Student Creates App to Detect Essays Written by AI
In response to the text-generating bot ChatGPT, the new tool measures sentence complexity and variation to predict whether an author was human
In November, artificial intelligence company OpenAI released a powerful new bot called ChatGPT, a free tool that can generate text about a variety of topics based on a user’s prompts. The AI quickly captivated users across the internet, who asked it to write anything from song lyrics in the style of a particular artist to programming code.
But the technology has also sparked concerns of AI plagiarism among teachers, who have seen students use the app to write their assignments and claim the work as their own. Some professors have shifted their curricula because of ChatGPT, replacing take-home essays with in-class assignments, handwritten papers or oral exams, reports Kalley Huang for the New York Times.
“[ChatGPT] is very much coming up with original content,” Kendall Hartley, a professor of educational training at the University of Nevada, Las Vegas, tells Scripps News. “So, when I run it through the services that I use for plagiarism detection, it shows up as a zero.”
Now, a student at Princeton University has created a new tool to combat this form of plagiarism: an app that aims to determine whether text was written by a human or AI. Twenty-two-year-old Edward Tian developed the app, called GPTZero, while on winter break and unveiled it on January 2. Within the first week of its launch, more than 30,000 people used the tool, per NPR’s Emma Bowman. On Twitter, it has garnered more than 7 million views.
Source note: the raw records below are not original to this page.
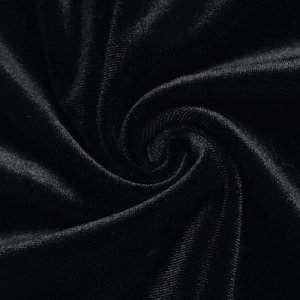 Macro shot of high-quality black velvet fabric texture with pearlescent sheen details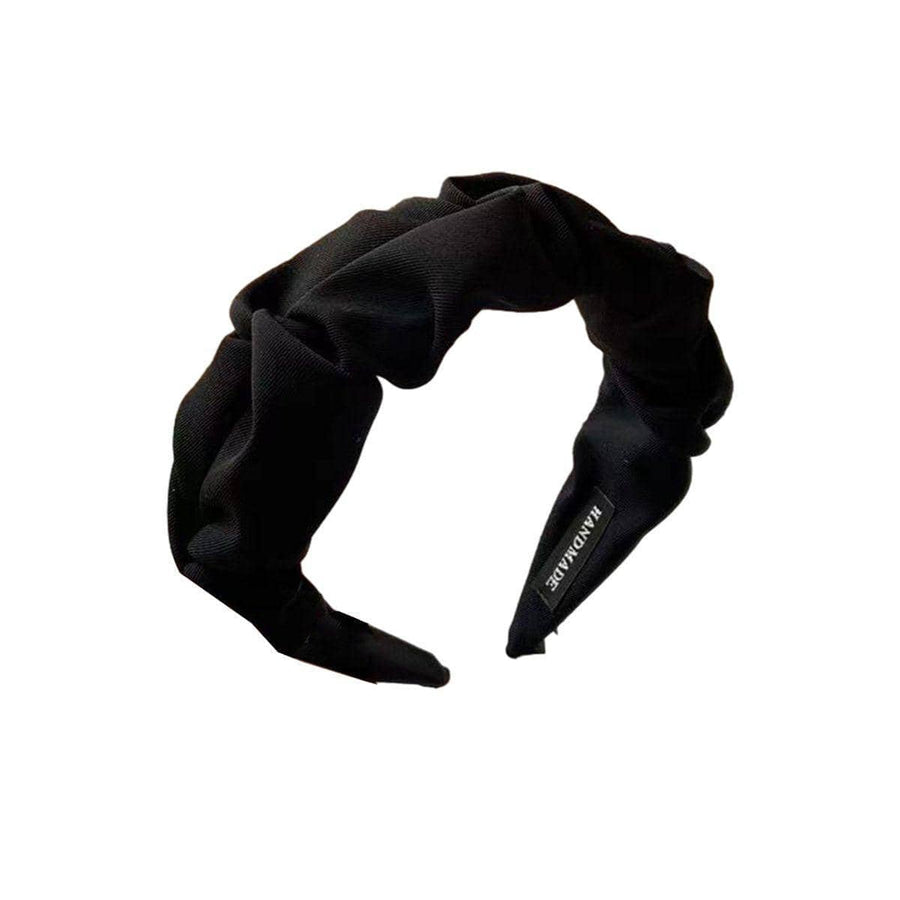 Wide Ruched Hair Hoop Headband for Women - Black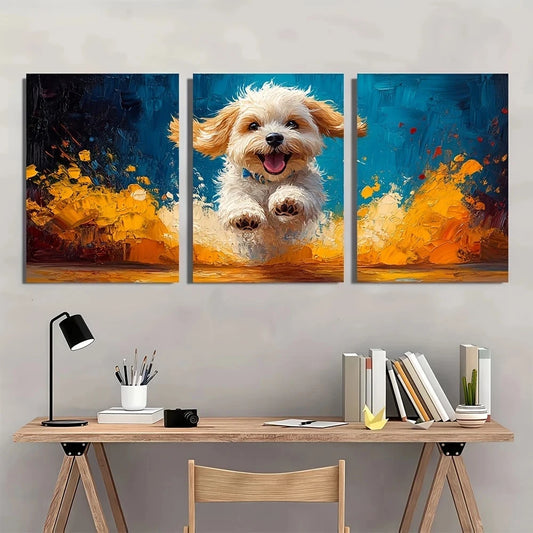3pcs Colorful Maltipoo Jumping Dog Pet Abstract Metal Print Ready to Hang Art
GPTZero uses two variables to determine whether the author of a particular text is human: perplexity, or how complex the writing is, and burstiness, or how variable it is. Text that’s more complex with varied sentence length tends to be human-written, while prose that is more uniform and familiar to GPTZero tends to be written by AI.
But the app, while almost always accurate, isn’t foolproof. Tian tested it out using BBC articles and text generated by AI when prompted with the same headline. He tells BBC News’ Nadine Yousif that the app determined the difference with a less than 2 percent false positive rate.
“This is at the same time a very useful tool for professors, and on the other hand a very dangerous tool—trusting it too much would lead to exacerbation of the false flags,” writes one GPTZero user, per the Guardian’s Caitlin Cassidy.
Tian is now working on improving the tool’s accuracy, per NPR. And he’s not alone in his quest to detect plagiarism. OpenAI is also working on ways that ChatGPT’s text can easily be identified.
“We don’t want ChatGPT to be used for misleading purposes in schools or anywhere else,” a spokesperson for the company tells the Washington Post’s Susan Svrluga in an email, “We’re already developing mitigations to help anyone identify text generated by that system.” One such idea is a watermark, or an unnoticeable signal that accompanies text written by a bot.
Tian says he’s not against artificial intelligence, and he’s even excited about its capabilities, per BBC News. But he wants more transparency surrounding when the technology is used.
“A lot of people are like … ‘You’re trying to shut down a good thing we’ve got going here!’” he tells the Post. “That’s not the case. I am not opposed to students using AI where it makes sense. … It’s just we have to adopt this technology responsibly.”